Well... Some cannot make those judgements but some can. Those who can, and some who are told to do or believe things that contradict their sense of morality will refuse to do so. And end up having to question their leader, church, even their entire belief system. I'm speaking from experience here.

[–] [email protected] 0 points 1 year ago (3 children)

I dunno, I don't believe in a god, but I also don't believe humans are good either. We're pretty fucked up creatures.

[–] [email protected] 0 points 1 year ago

Wars, capitalism, climate change, rape, murder, torture, religious extremism, mass starvation while we throw out food because someone failed to buy it, etc.

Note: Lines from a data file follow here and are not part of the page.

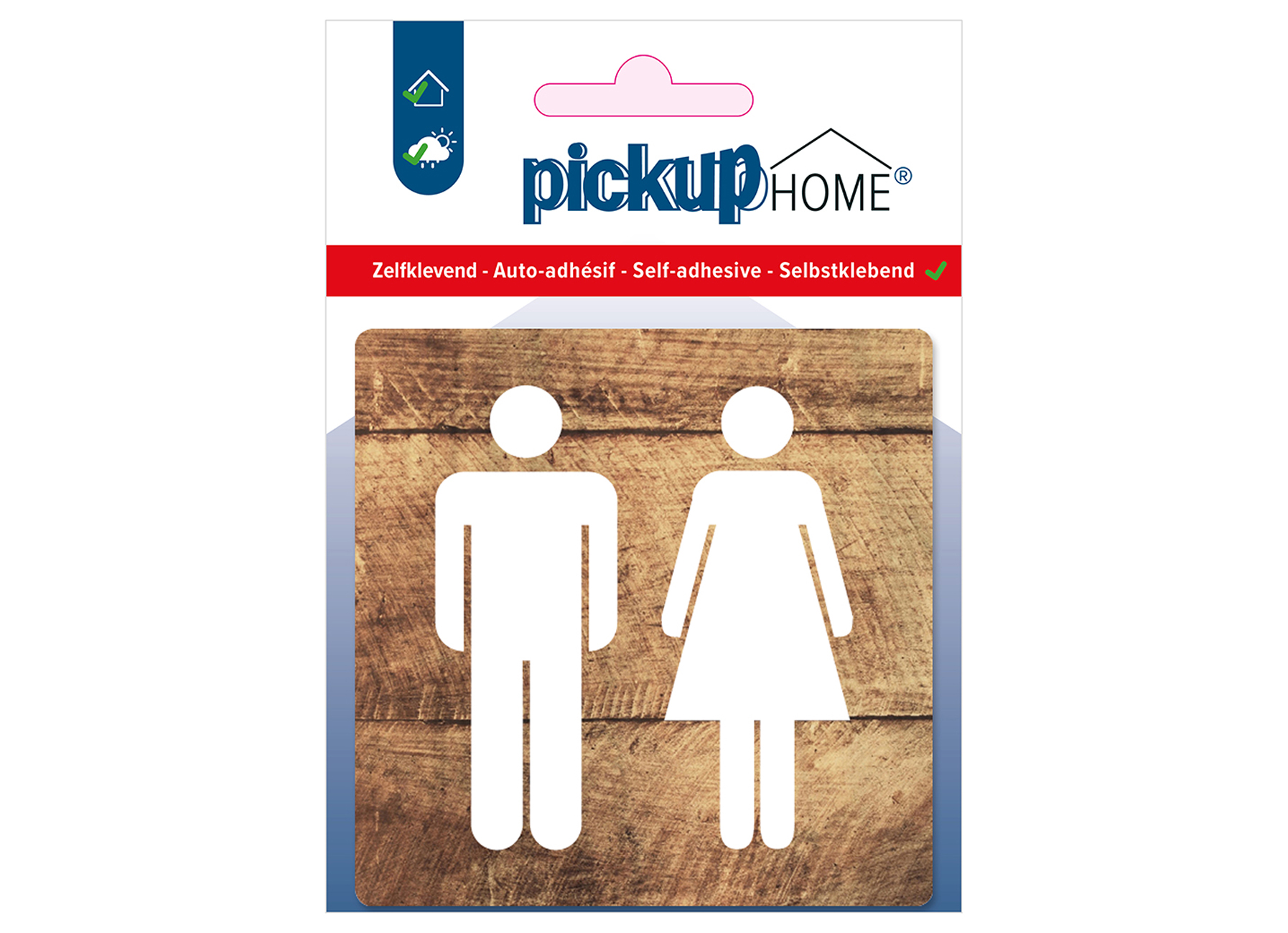 ROUTE ACRYL FEMMES/HOMMES BOIS 9 X 9 CM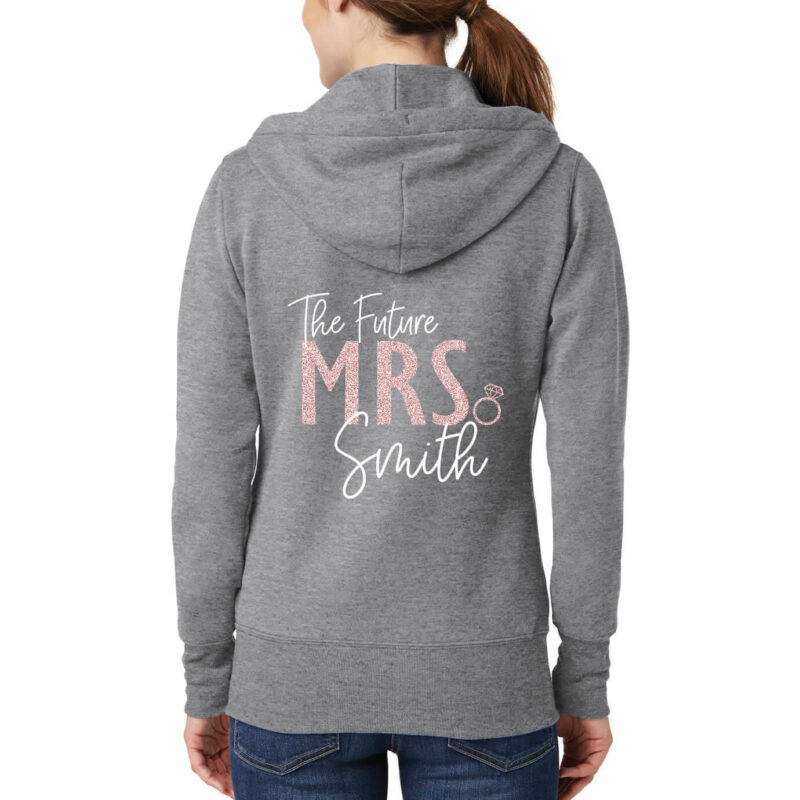 "The Future Mrs." Full-Zip Bride Hoodie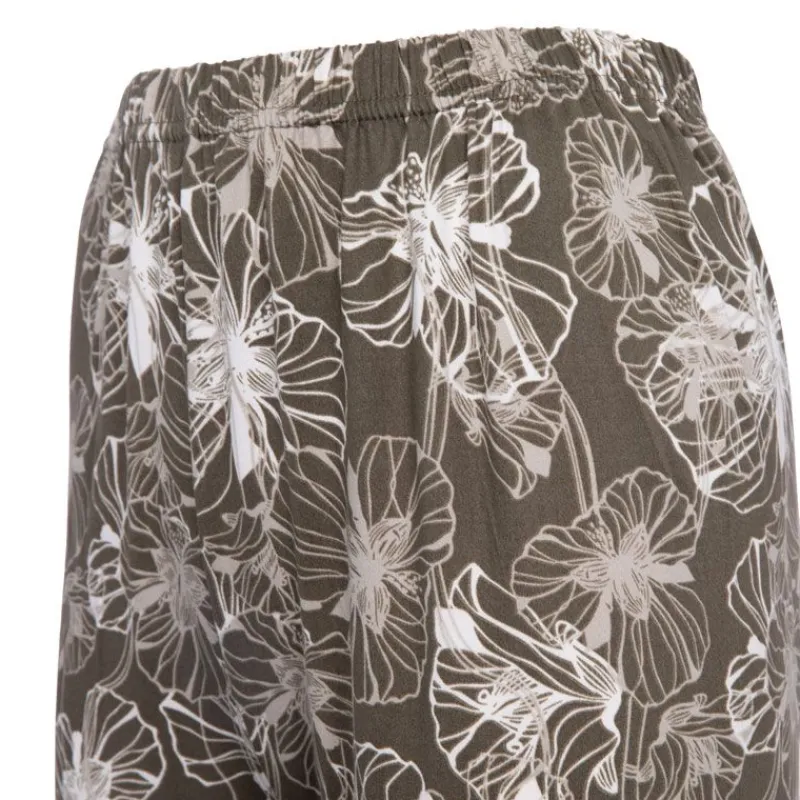 Online Ensemble pyjama avec liseré coloré bas fleuri Loma femme Femme Femme Lingerie De Nuit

The default state of humans is good

Fuckin lmao 🤦

[–] [email protected] 0 points 1 year ago

We are a very mixed bag.

There are a range of people from altruistic to greedy sociopaths. And few if any are so simple that "good" or "bad" is a sufficient descriptor.

Humans evolved to be cooperative, on average, only to such a degree to enable us to survive. On the surface we can mostly not maim and kill each other enough to work together on things.

But we have many competing motivations and instincts. We aren't far enough removed from our violent ape ancestors to my taste. As one can see by reading the news on any given day.

[–] [email protected] 0 points 1 year ago (1 children)

To quote MIB: A person is smart. People are dumb, panicky dangerous animals and you know it.

I think it applies pretty broadly that individuals are decent but organized into society, we mess up quite a bit.

[–] [email protected] 0 points 1 year ago

I always say that the idea of civilised society is something we tell ourselves to make us feel better about the fact that we're living amongst wild animals.